LA BELLA DE LOUISIANA
Por
Miguel Angel Izquierdo
Sánchez
Morelos
Dorothy era la más
glamorosa compañera de nuestro grupo y quizás de toda la Universidad de Tulane.
Su altura era perfecta para que
brillaran en ella largos y estilizados aretes y gargantillas, anillos y
pulseras. Contrastaba sobremanera su ropa chic con los decolorados jeans y con
las desplanchadas playeras del resto del grupo.
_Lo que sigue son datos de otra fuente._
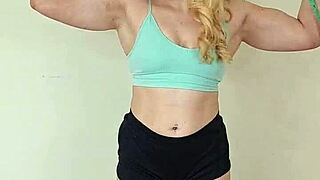 hey, check out this sexy muscle girl at the gym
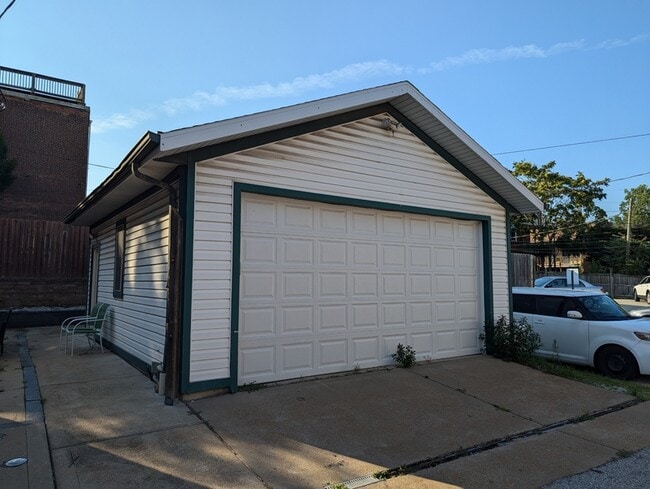 Building Photo - 715 Soulard St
Y por si eso fuera poco, llegaba a diario en un coche deportivo
convertible, en el que parecía volar desde su plantación, ubicada por los prósperos
campos irrigados de Louisiana. Sólo otros dos estudiantes de esa universidad
privada con 5,000 alumnos tenían un auto parecido.
A
la distancia, por su porte, en coche o a pie, hacía pensar en una despampanante
artista hollywoodiense, sujeto y objeto de adoración y deseo.
Aquilatarla
era asunto que se complicaba en la cercanía. Así como la engalanaban
estilizadas y valiosas joyas, poseía unas desventuradas manías: estiraba
indiferente los resortes de sus sostenes, a la altura de los hombros, de sus
delicados omóplatos o de sus perfectos pechos, y los soltaba produciendo unos
escalofriantes chasquidos que desangraban a la más firme erección. Era tanto como desterrarnos de nuestro estado
contemplativo, con latigazos sobre las niñas de nuestros ojos.
Si
estaba sentada tomando clases, cruzaba la pierna y no cesaba de rascarse la
cabeza con bermellones uñas que salían de sus manos de mármol. Nos atormentaba la duda: ¿habría liendres en
su sureña mansión de caoba?
Solitaria,
difícilmente se dignaba platicar con nosotros, dándonos trato de inermes como
mancos sauces llorones, emergentes entre la neblina de los pantanos. Ni
siquiera lo hacía con las jóvenes de su edad, acaso por no tener su alcurnia, o
ni siquiera una minucia de sus productivos acres. Prefería gastar la saliva necesaria para
mantener una conversación, mascando desde su llegada un vulgar chicle, hasta su
desaparición en el horizonte, con su mascada color índigo al aire, más allá del
Mississippi.
Entraba
al salón como salía, sin saludar ni decir adiós. ¿O significaban eso los gestos que se le
adivinaban cuando veloz giraba su rostro para ubicar un asiento, claramente
apartado de nosotros?
¿Cómo
no le dieron siquiera un copo de algodón, de los millones de quintales
cultivados en su hacienda algodonera, para suavizar sus modales?